Jaffrelot documente de manière précise les évolutions les plus inquiétantes. Le parti du Congrès, qui incarne le « sécularisme » honni, n’est plus un adversaire politique, mais un ennemi, dont il faut « débarrasser l’Inde ». On minimise le rôle historique de Nehru et même du mahatma Gandhi, dont Modi regrette publiquement qu’il soit le personnage indien le plus connu dans le monde. Un député BJP fait l’apologie de l’assassin de Gandhi, Nathuram Godse.

 

L’« hindouisation » du pays

 

L’hindouisme est promu sur la scène publique. Un ministère est créé pour valoriser le yoga et la médecine ayurvédique. Plusieurs États gouvernés par le BJP votent des lois « beef ban » qui punissent de 7 à 10 ans de prison le fait de tuer un bovin. De nombreux citoyens s’organisent pour faire respecter cet interdit.

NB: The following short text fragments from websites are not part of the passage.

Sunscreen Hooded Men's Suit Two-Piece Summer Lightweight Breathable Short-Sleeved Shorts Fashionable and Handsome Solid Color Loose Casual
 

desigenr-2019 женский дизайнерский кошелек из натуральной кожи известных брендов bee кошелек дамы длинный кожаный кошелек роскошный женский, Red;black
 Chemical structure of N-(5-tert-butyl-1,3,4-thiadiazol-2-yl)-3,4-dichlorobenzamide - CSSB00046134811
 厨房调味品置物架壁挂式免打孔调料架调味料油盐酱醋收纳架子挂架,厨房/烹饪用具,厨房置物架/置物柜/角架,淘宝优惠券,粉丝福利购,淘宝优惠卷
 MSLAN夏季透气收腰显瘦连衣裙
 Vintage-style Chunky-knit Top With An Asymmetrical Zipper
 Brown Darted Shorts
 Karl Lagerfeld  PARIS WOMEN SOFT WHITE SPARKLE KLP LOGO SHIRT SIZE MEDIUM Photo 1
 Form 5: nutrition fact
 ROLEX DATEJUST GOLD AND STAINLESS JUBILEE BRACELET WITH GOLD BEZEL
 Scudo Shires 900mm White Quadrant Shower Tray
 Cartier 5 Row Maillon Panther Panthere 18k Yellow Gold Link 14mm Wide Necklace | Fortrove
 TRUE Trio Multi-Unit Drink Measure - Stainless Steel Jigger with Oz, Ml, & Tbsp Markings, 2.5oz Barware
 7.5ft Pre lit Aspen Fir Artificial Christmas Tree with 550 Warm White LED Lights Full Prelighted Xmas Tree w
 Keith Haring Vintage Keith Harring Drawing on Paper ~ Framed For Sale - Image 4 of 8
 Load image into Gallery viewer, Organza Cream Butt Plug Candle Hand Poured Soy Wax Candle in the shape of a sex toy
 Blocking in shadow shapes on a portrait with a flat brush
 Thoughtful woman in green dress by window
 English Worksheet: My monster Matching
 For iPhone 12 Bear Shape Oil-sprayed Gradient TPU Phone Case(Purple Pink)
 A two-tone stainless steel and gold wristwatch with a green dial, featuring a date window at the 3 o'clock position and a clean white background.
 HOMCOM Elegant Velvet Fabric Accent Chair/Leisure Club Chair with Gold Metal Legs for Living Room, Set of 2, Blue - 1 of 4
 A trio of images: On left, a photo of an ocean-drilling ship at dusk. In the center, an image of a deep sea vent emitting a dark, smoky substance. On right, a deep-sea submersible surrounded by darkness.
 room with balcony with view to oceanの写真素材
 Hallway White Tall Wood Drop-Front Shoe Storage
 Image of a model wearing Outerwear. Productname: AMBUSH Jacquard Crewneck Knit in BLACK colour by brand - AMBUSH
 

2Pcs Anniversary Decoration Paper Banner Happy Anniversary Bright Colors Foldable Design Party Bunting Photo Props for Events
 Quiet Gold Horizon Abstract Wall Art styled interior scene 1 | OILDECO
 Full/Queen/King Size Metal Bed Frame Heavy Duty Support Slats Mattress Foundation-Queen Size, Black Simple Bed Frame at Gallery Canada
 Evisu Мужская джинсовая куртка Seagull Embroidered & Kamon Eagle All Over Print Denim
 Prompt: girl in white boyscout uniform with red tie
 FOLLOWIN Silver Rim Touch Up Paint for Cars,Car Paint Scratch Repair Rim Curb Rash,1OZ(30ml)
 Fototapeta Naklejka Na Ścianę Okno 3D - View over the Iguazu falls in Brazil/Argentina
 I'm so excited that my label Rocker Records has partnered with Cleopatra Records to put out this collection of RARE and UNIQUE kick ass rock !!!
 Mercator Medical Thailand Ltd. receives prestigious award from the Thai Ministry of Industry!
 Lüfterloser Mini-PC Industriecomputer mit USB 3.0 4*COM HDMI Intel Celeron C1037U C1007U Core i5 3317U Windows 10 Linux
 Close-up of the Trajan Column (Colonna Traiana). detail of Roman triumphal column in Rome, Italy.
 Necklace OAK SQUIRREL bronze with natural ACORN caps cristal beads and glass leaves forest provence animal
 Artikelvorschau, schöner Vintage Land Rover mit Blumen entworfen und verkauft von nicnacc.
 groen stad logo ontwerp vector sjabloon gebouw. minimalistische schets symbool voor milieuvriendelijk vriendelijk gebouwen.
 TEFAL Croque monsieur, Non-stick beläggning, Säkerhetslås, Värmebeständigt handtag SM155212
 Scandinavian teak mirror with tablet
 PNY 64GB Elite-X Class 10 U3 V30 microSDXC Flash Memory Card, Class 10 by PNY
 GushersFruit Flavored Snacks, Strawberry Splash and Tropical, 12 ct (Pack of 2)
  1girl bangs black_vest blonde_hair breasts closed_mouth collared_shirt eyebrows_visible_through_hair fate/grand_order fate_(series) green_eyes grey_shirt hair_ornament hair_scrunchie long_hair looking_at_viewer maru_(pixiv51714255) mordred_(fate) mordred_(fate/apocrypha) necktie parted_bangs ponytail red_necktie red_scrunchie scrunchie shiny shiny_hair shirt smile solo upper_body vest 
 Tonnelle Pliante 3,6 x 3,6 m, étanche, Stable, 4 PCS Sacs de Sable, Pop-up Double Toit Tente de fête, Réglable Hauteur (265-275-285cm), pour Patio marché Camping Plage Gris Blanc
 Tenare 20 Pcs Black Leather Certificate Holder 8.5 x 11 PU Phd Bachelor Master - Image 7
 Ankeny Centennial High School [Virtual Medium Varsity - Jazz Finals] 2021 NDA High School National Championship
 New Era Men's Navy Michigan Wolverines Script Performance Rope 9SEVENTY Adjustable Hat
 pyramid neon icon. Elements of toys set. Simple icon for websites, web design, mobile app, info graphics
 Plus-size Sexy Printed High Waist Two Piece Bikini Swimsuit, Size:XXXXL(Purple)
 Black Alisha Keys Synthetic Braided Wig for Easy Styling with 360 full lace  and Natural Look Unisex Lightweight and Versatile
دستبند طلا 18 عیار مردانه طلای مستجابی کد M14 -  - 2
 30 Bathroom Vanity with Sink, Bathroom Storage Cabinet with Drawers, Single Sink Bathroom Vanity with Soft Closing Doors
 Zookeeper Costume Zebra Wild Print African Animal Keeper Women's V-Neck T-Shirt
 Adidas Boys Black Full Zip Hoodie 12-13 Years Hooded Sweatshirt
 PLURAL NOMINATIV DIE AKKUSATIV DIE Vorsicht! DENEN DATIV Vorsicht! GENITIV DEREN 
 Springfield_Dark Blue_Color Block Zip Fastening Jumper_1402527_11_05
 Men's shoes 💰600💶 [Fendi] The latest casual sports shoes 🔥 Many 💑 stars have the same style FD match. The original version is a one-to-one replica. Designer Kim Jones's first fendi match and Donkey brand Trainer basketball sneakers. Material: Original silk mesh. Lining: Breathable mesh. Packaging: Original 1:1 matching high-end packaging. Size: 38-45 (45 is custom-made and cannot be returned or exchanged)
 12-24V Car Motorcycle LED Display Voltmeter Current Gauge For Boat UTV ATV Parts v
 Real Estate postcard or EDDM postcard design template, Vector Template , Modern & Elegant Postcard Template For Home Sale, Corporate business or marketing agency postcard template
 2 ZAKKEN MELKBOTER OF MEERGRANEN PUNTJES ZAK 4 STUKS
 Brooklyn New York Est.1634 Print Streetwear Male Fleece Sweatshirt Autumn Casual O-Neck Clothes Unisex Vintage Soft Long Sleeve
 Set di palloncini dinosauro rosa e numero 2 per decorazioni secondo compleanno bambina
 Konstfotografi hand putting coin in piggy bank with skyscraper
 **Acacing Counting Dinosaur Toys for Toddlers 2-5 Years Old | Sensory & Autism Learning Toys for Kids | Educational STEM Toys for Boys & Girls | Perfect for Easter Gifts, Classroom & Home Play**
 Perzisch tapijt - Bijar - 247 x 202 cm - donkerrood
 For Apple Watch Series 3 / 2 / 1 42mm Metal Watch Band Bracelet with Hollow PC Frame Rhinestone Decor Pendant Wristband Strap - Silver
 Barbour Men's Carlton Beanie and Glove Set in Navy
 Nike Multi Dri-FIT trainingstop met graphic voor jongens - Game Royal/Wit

Depuis 2012, 46 musulmans, soupçonnés de faire du commerce de viande bovine, ont été lynchés par ces « vigilants ». La police ferme les yeux. Un seul de ces 46 lynchages fait l’objet de poursuites judiciaires et les accusés sont soutenus par certains ministres. Les manuels d’histoire sont réécrits. On y lit que les vieux récits mythologiques de l’hindouisme sont en fait historiques et que le peuple indien est sur cette terre depuis 12 000 ans ! On ne dit presque rien – et toujours en négatif – de la période musulmane.

Le fameux Taj Mahal ayant été construit par un souverain musulman, il disparaît des brochures officielles destinées aux touristes. Des campagnes sont organisées pour « reconvertir » à l’hindouisme des groupes récemment passés à l’islam ou au christianisme. Les universités sont mises au pas, notamment celle de Delhi. Les « libéraux » et les « sécularistes » (universitaires, ONG, journalistes, syndicats étudiants, certains cinéastes) sont dénigrés, voire menacés.

Le financement des ONG par l’étranger est strictement encadré, notamment celles qui agissent pour l’harmonie entre musulmans et hindous, celles qui cherchent à défendre les victimes de pogroms et des lynchages, etc. Depuis 2014, leur nombre a été réduit de 33 000 à 13 000. La police est quasi inactive en cas d’agressions contre des lieux de culte chrétiens ou musulmans.

Depuis 2014, 250 lieux de culte chrétiens ont été attaqués. De mère Teresa, hier vénérée par tous comme héroïne nationale, un député dit qu’elle faisait partie d’un « complot visant à christianiser l’Inde » ! Les musulmans subissent une marginalisation institutionnelle : ils forment 14,2 % de la population, mais 3,7 % des députés. Les enquêtes établissent que 54 % d’entre eux ont peur de la police (contre 24 % des hindous). Parmi les thèmes islamophobes ressassés : ils mangent de la viande, ils ont une sexualité excessive, une langue différente et surtout ils ont de la sympathie pour le Pakistan.

Un régime pérenne ?

Dans sa conclusion, Jaffrelot évoque la contradiction que le BJP va devoir affronter : d’une part il a rétabli la domination des hautes castes, remis en cause la « discrimination positive » en faveur des Dalits et Tribaux, renoncé aux programmes sociaux du précédent gouvernement, fait des cadeaux aux grandes entreprises ; mais il a ainsi pénalisé les PME et sacrifié les paysans aux intérêts des citadins ; or il a besoin des voix de ce « peuple » qu’il prétend incarner et qu’il séduit par ses promesses de lutte contre la pauvreté, le chômage, la corruption.

Si ce peuple, conquis par sa stratégie de polarisation ethno-religieuse et sa posture populiste, ne voit pas sa situation s’améliorer, il pourrait lui retirer son soutien. On sait qu’il n’en a rien été : peu de temps après la publication de cet ouvrage, les élections de mai 2019 ont conforté le pouvoir de Modi. Pour cinq ans encore, et peut-être davantage, l’Inde va vivre dans un régime de « démocratie ethnique ». Raison de plus pour lire et relire cet ouvrage précieux.